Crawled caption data

----

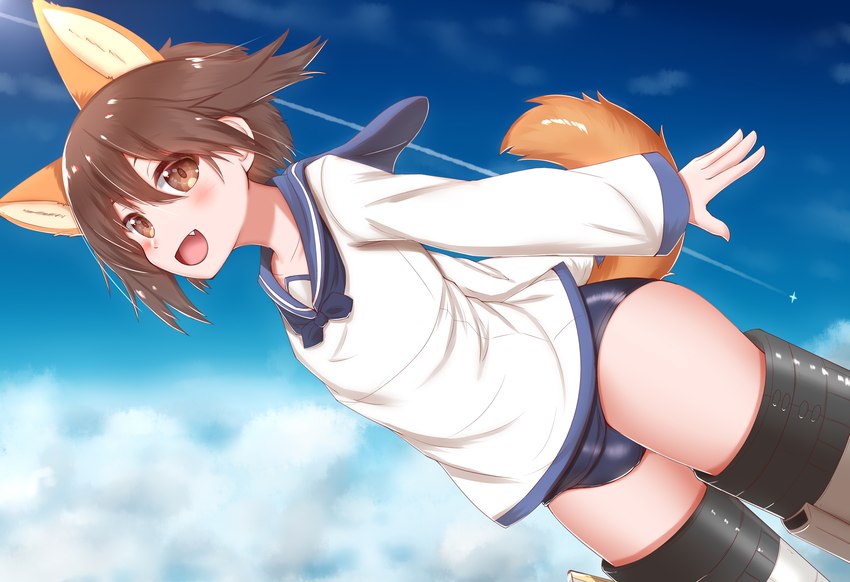 5_fingers asian_clothing blush brown_body brown_eyes brown_fur brown_hair brown_tail clothed clothing cloud cute_fangs east_asian_clothing fangs female female_humanoid fingers flying fur hair happy human_and_animal_ears japanese_clothing japanese_school_uniform looking_at_viewer multi_ear one-piece_swimsuit open_mouth open_smile school_uniform serafuku short_hair sky smile smiling_at_viewer solo swimwear tail teeth tongue uniform white_body white_fur horokusa0519 strike_witches miyafuji_yoshika animal_humanoid canid canid_humanoid canine canine_humanoid dog_humanoid humanoid mammal mammal_humanoid shiba_inu_humanoid 2021 digital_media_(artwork) hi_res translated_description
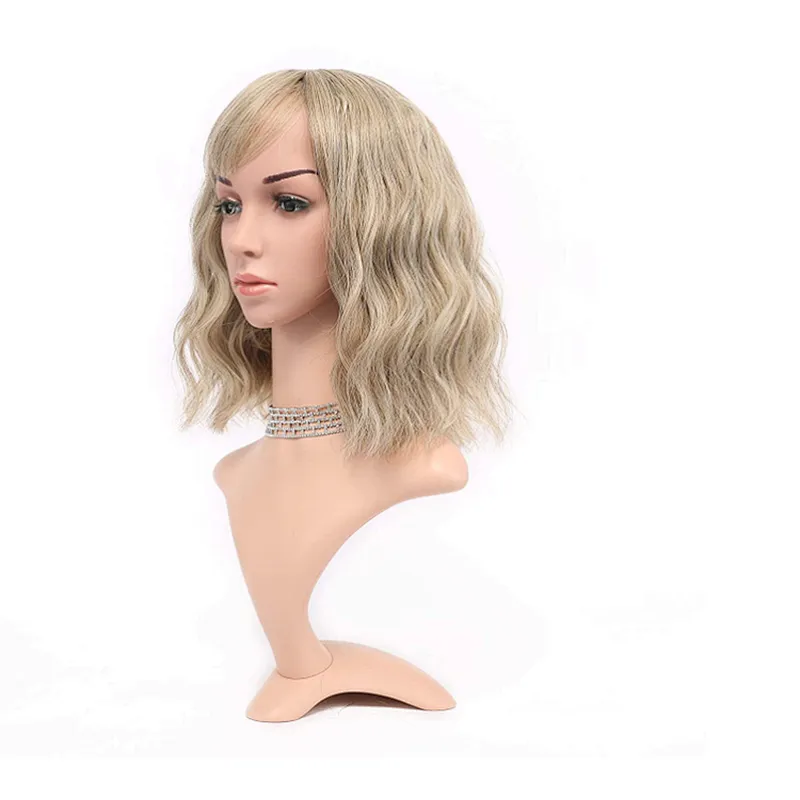 Longzhao Beauty Hot Selling Afro Synthetic Blonde Mixed Brown Bob Wig Short Kinky Curly Bob Wigs With Bangs For Black Women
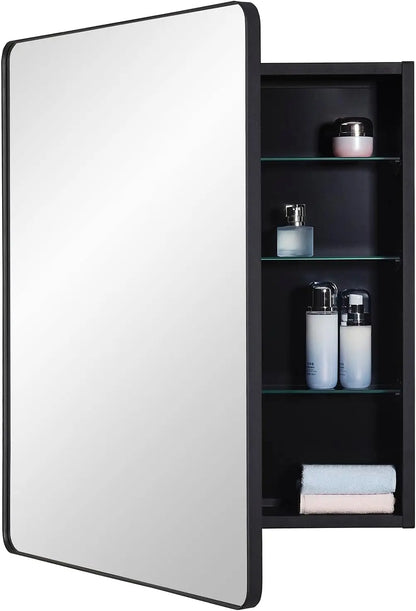 Black Bathroom Medicine Cabinet with Round Corner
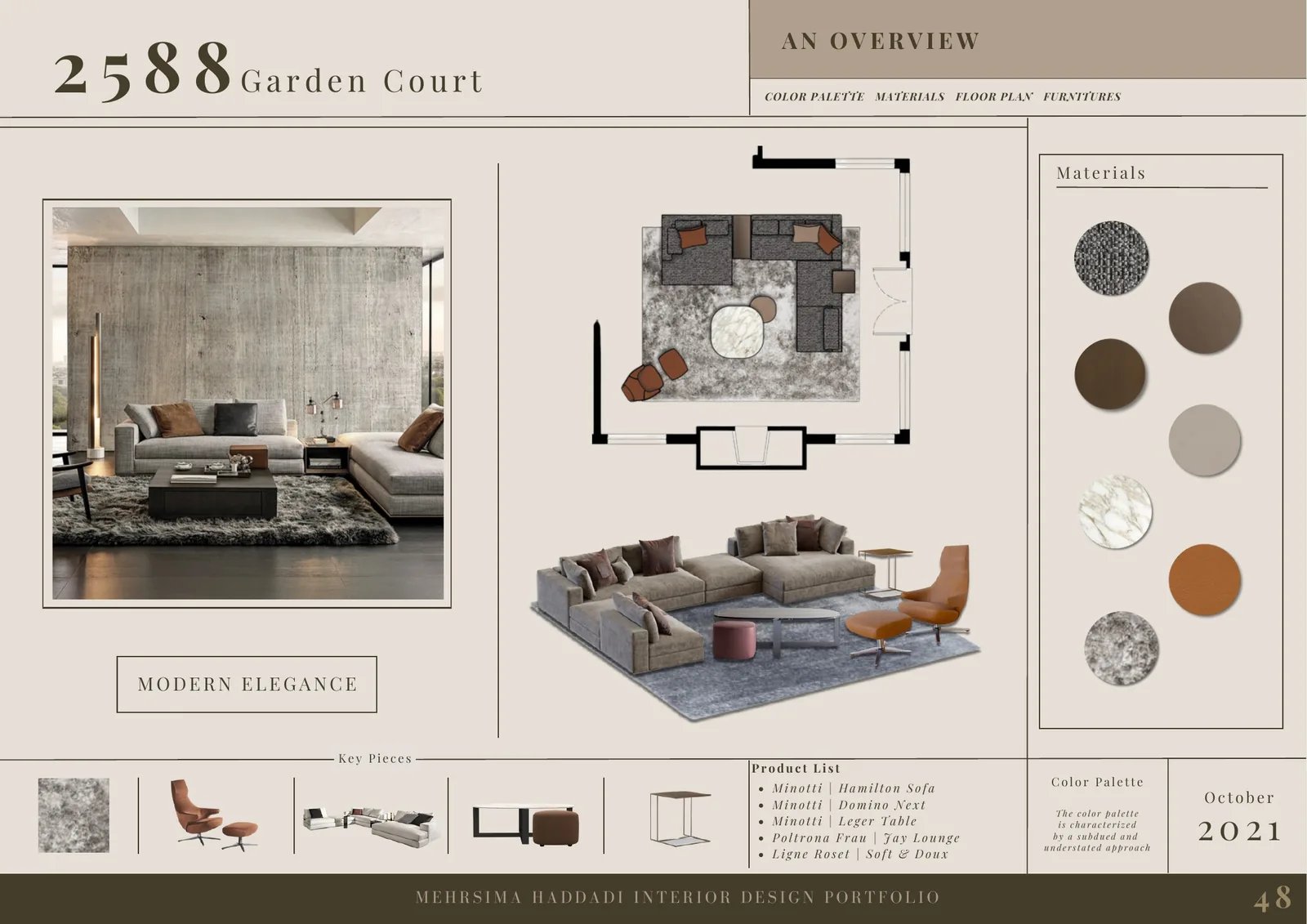2588 Garden Court interior design concept board
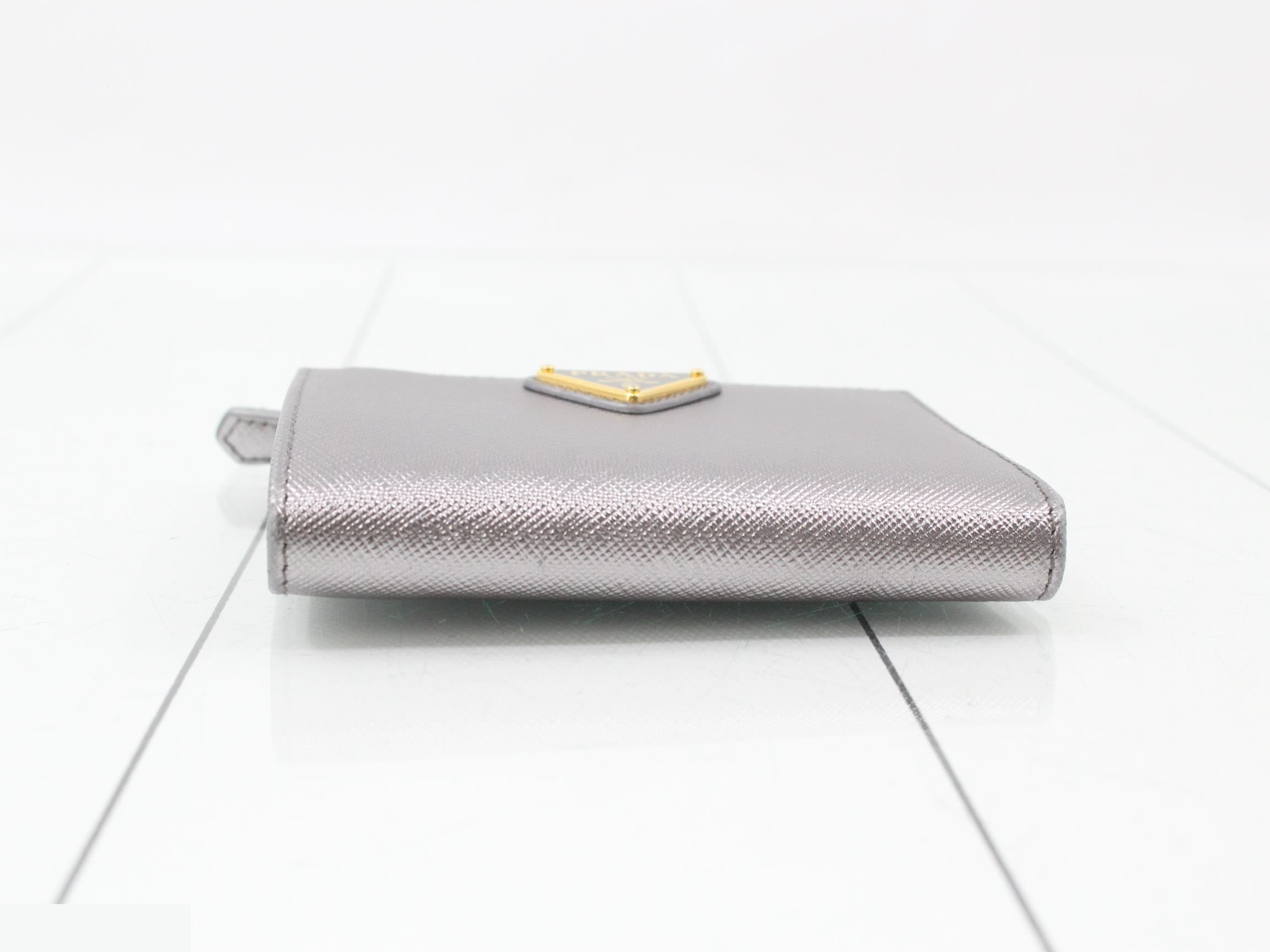 Saffiano Compact Wallet, Silver — view 3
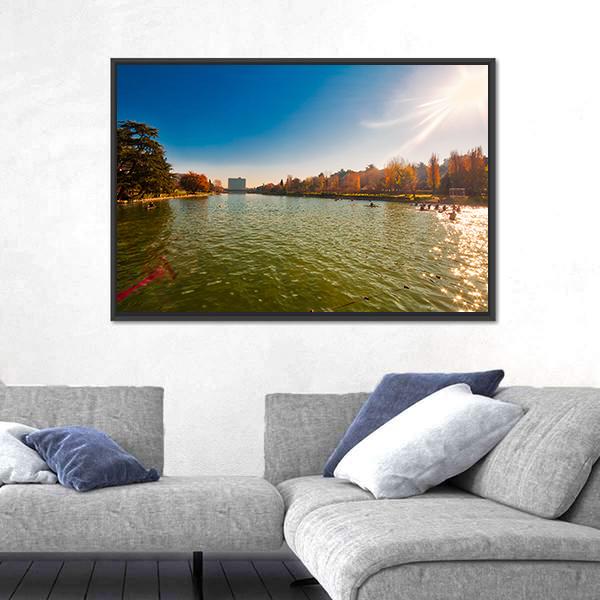 Winter Day In City Lake With Sunlight Canvas Wall Art-3 Horizontal-Gallery Wrap-25" x 16"-Tiaracle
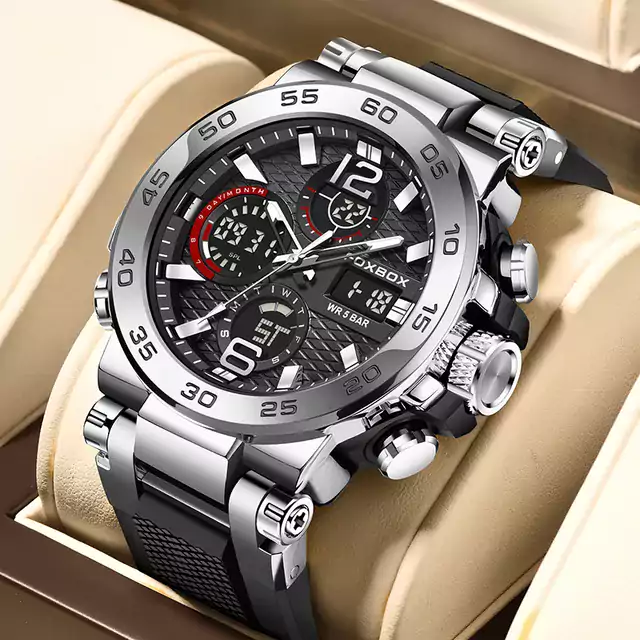 Luxusní sportovní hodinky - Stříbrná černá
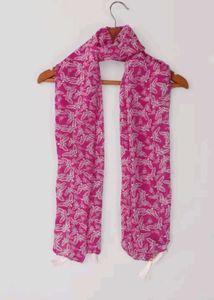Vibrant Pink Butterfly Print Scarf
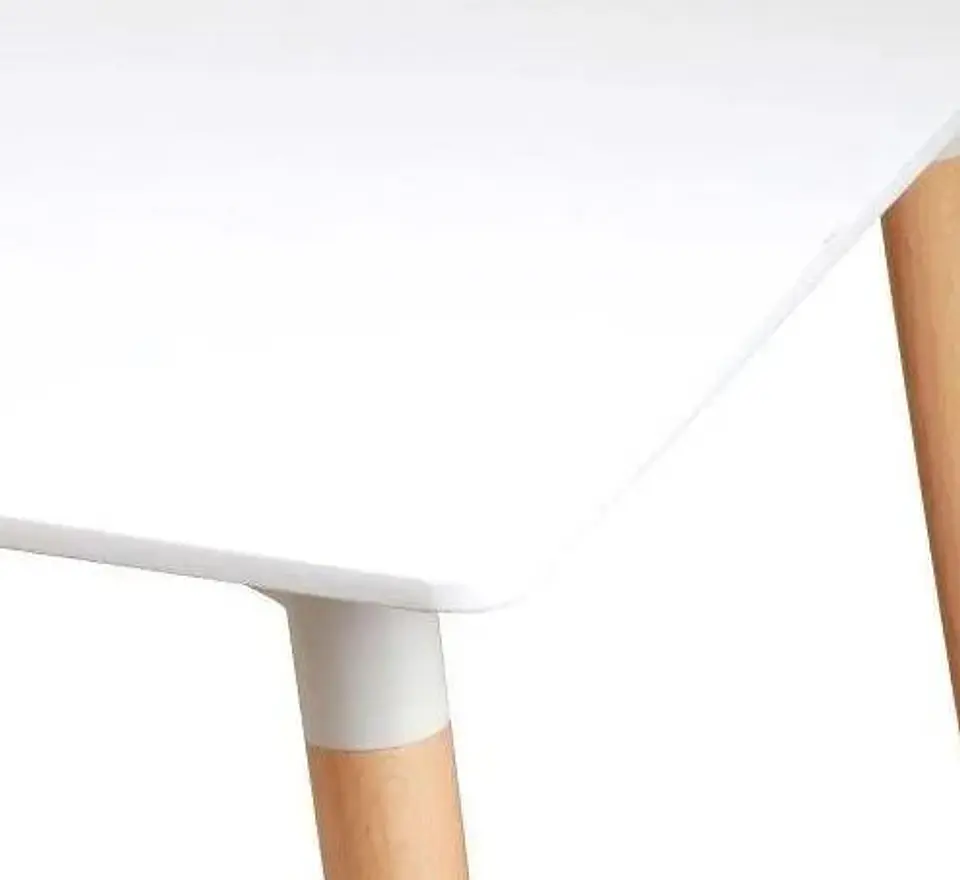 Set Juego de Comedor Mesa Cuadrada Blanco + 2 Sillas Eames Clásicas Blanco 2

----

DESCRIPTION OF THE TASK:
Only the lines from the one containing "Black Bathroom Medicine" through the last line of the entries should be transcribed, exactly and with no pictures.

WRITTEN ANSWER:
 Black Bathroom Medicine Cabinet with Round Corner
2588 Garden Court interior design concept board
 Saffiano Compact Wallet, Silver — view 3
 Winter Day In City Lake With Sunlight Canvas Wall Art-3 Horizontal-Gallery Wrap-25" x 16"-Tiaracle
 Luxusní sportovní hodinky - Stříbrná černá
Vibrant Pink Butterfly Print Scarf
 Set Juego de Comedor Mesa Cuadrada Blanco + 2 Sillas Eames Clásicas Blanco 2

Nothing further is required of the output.